The result should be an exact copy of only the lines from the one holding "Як відзначили День" through the last line of the data below, please, without pictures.

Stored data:
((
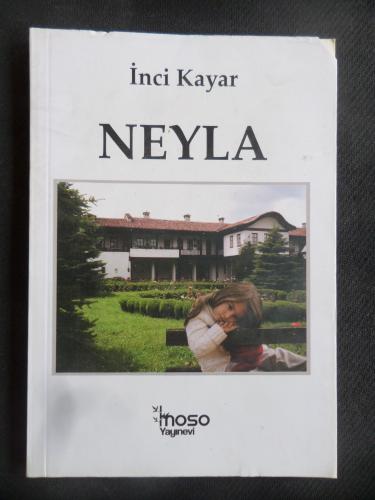 Neyla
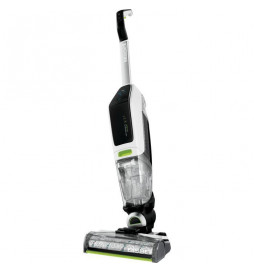 Bissell CrossWave X7 Plus...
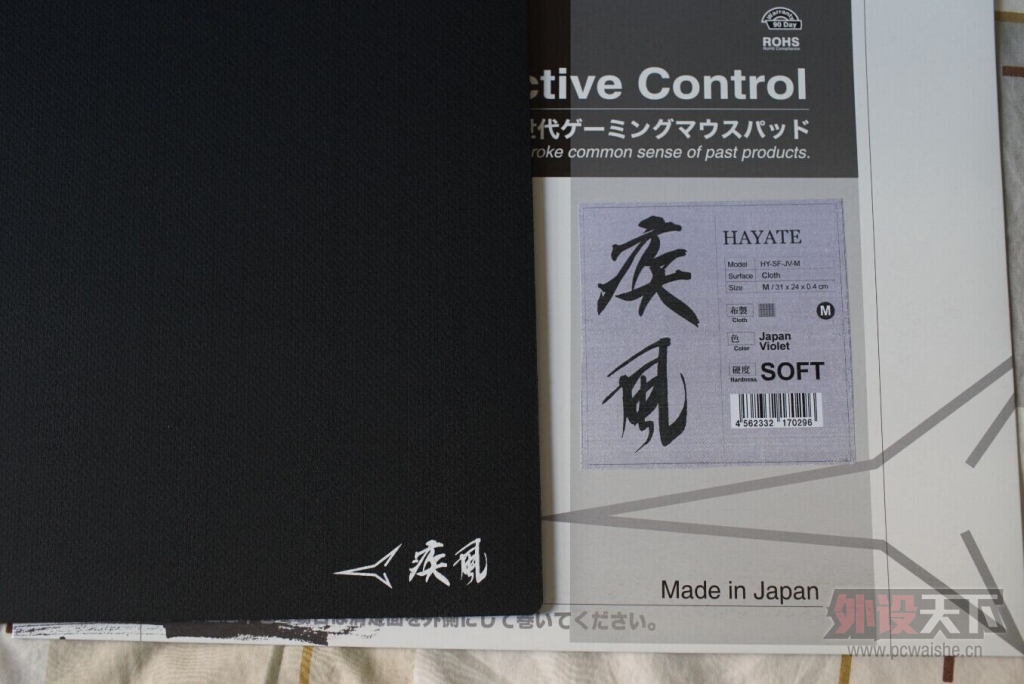 QQͼƬ20150108215008.jpg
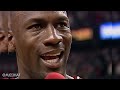 Michael Jordan Finals Career High Highlights 1993 Finals G4 vs Suns - 55pts! (HD 720p 60fps)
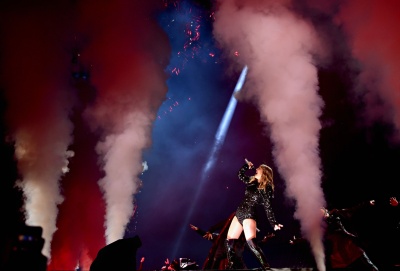 taylor_0005.jpg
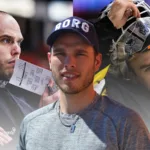 Johan Gustafsson: Så ska Västerås undvika kval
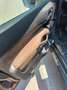 Citroen C4 Cactus Blue HDi 100 Just Black - thumbnail 9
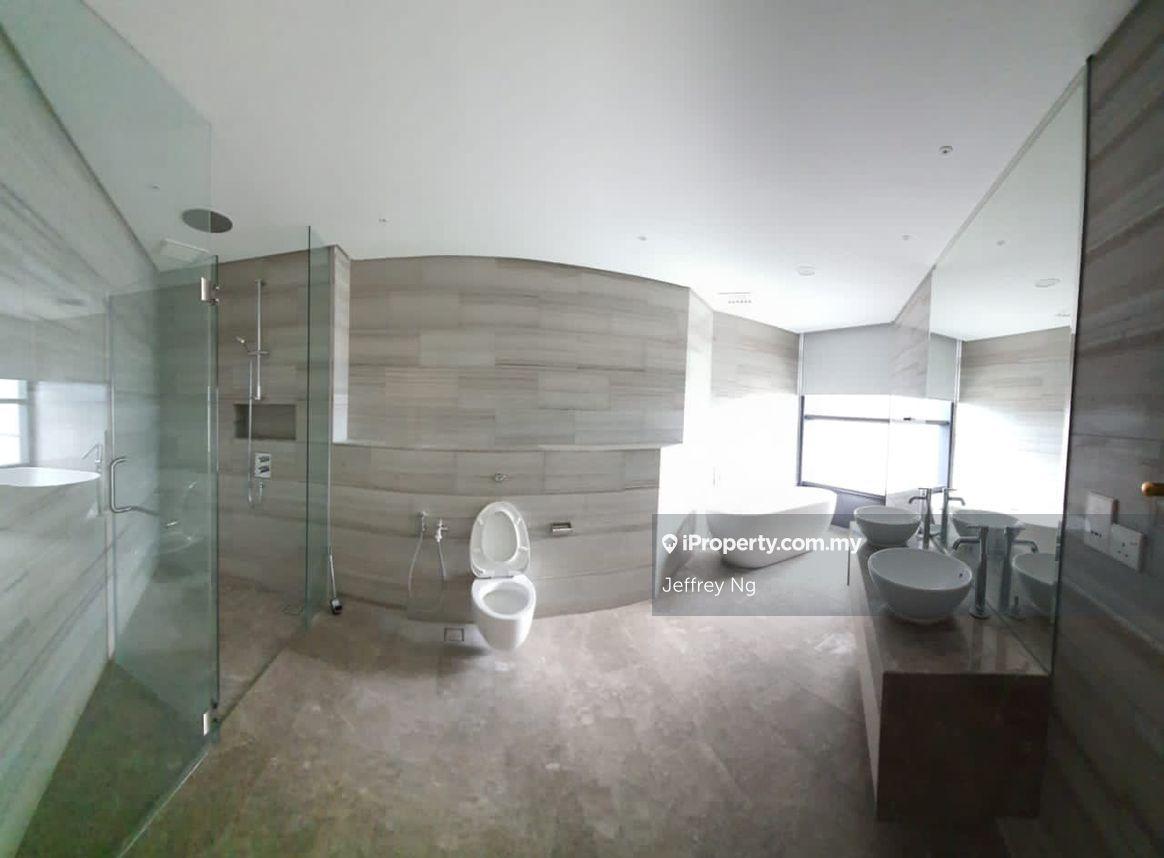 Condominium for Sale in Condominium @ The Troika by Jeffrey Ng - iProperty.com.my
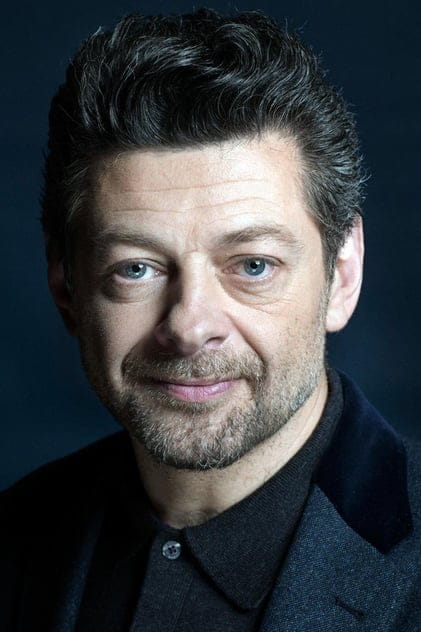 Andy Serkis - Actor, Director Films with the actor Andy Serkis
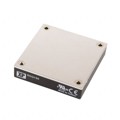 RDQ150110S12 - DC DC CONVERTER 12V 150W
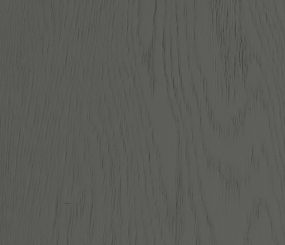 rovere_antracite_anteprima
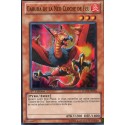 Garuda de la Néo Cloche de Feu (SR) [HA04]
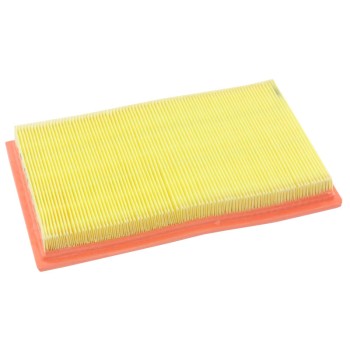 Filtre à air WA9537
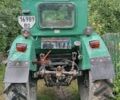 Зелений ХТЗ Т-40, об'ємом двигуна 0 л та пробігом 10 тис. км за 3000 $, фото 2 на Automoto.ua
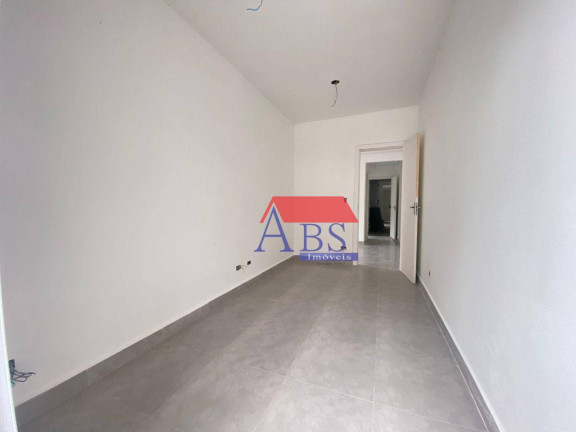 Imagem Apartamento com 2 Quartos à Venda, 70 m² em Vila Belmiro - Santos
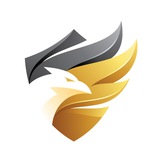 falcon_corps | Cryptocurrency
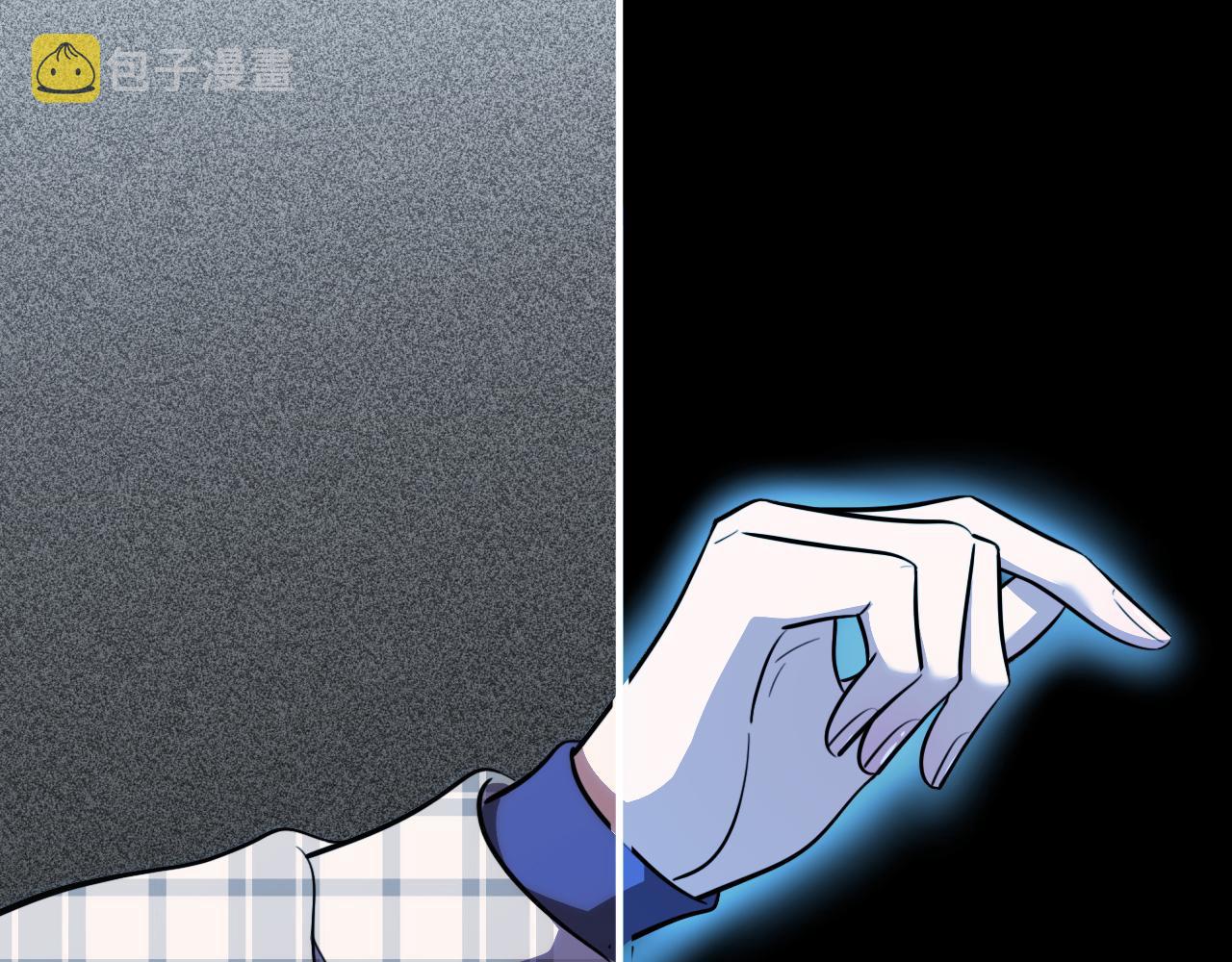 第57话 追击与谈判64
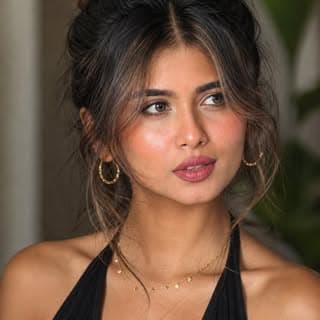 Rucha Raut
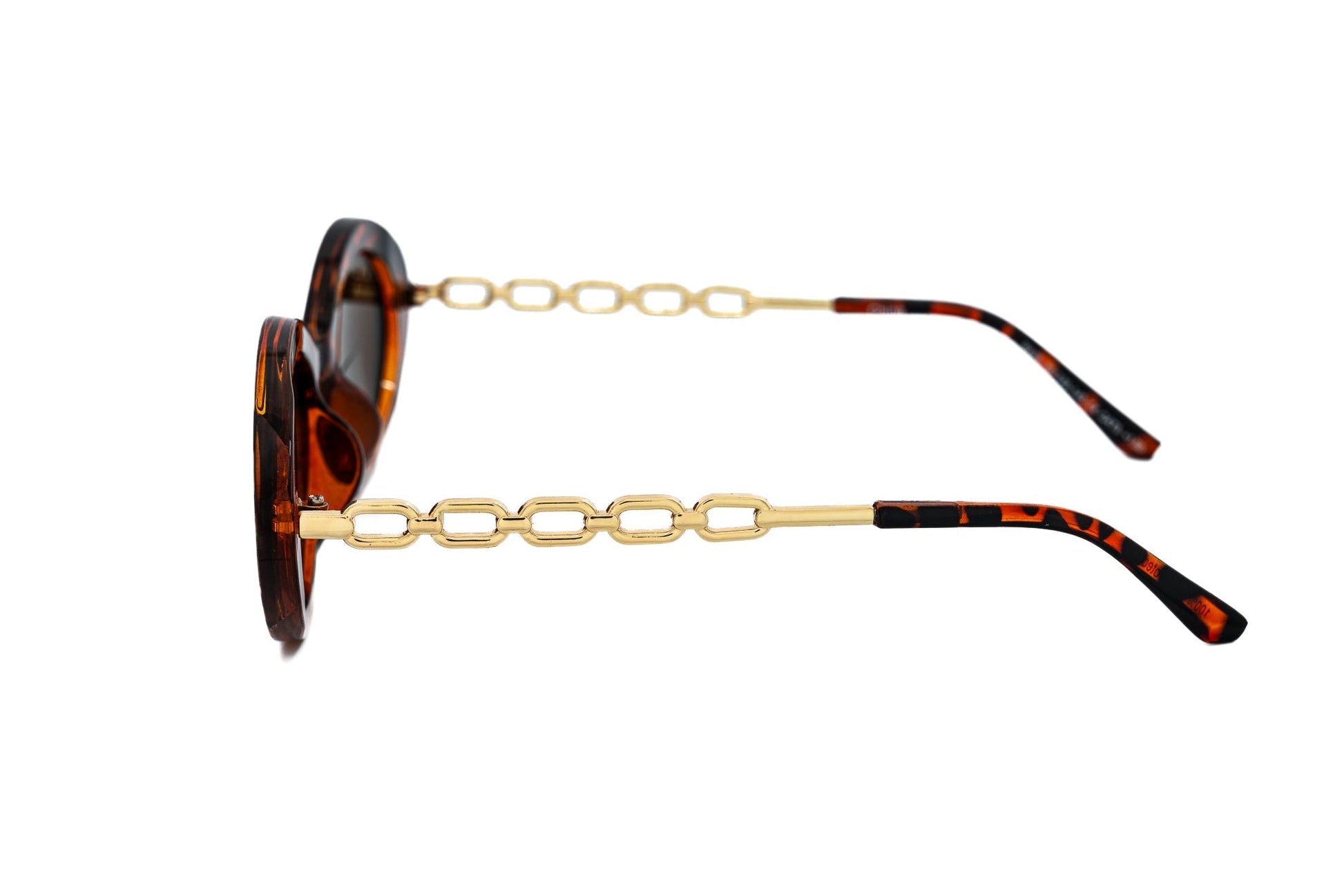 Seraphine Boléro Eyewear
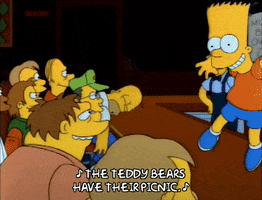 200.gif?cid=fc005b083b5c226caa357e61f11882ba06021a726e174902&rid=200.gif&ct=g
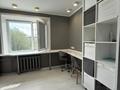 3-бөлмелі пәтер · 78.2 м² · 5/6 қабат, Катаева 31/1, бағасы: 28.5 млн ₸ в Павлодаре — фото 5
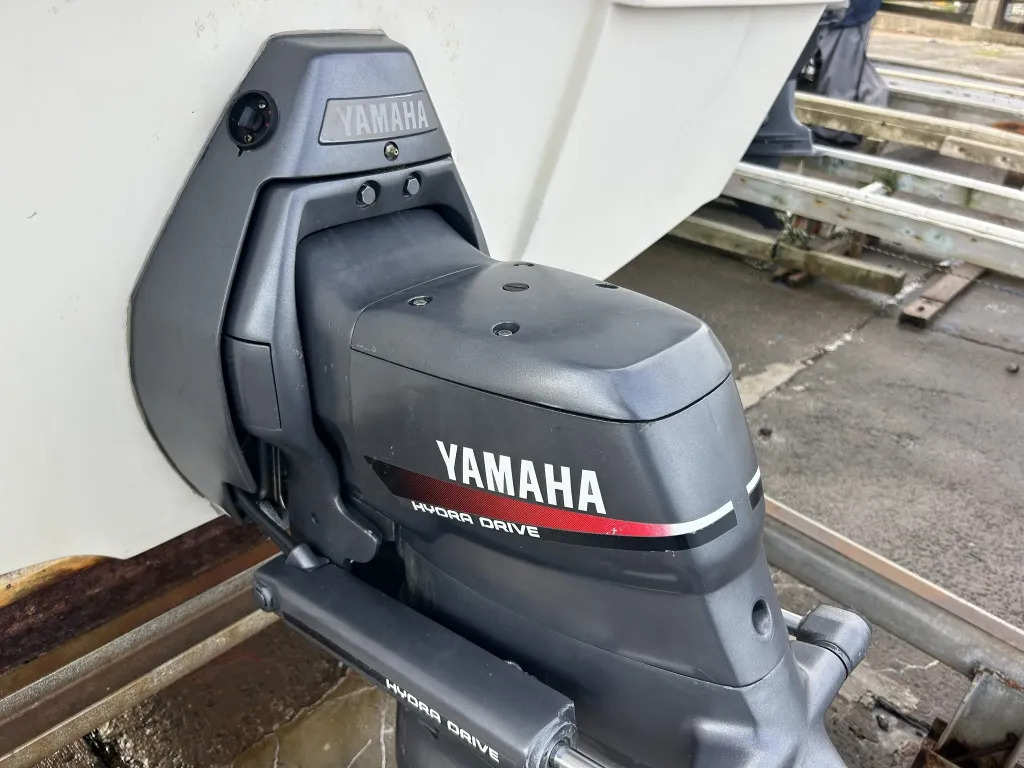banner_094719-yamaha-uf-28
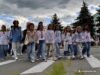 Як відзначили День Незалежності України у Нововолинську (відео) Як-відзначили-День-Незалежності-України-у-Нововолинську-(відео)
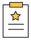Solution Icon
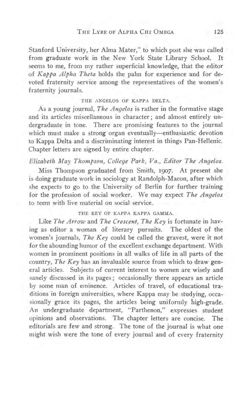 1912-1913_Vol_16 page 134.jpg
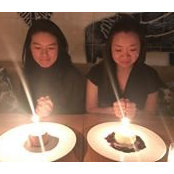 Loretta Cheung's photo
))
*COMPLETED TASK*:
 Як відзначили День Незалежності України у Нововолинську (відео) Як-відзначили-День-Незалежності-України-у-Нововолинську-(відео)
Solution Icon
 1912-1913_Vol_16 page 134.jpg
 Loretta Cheung's photo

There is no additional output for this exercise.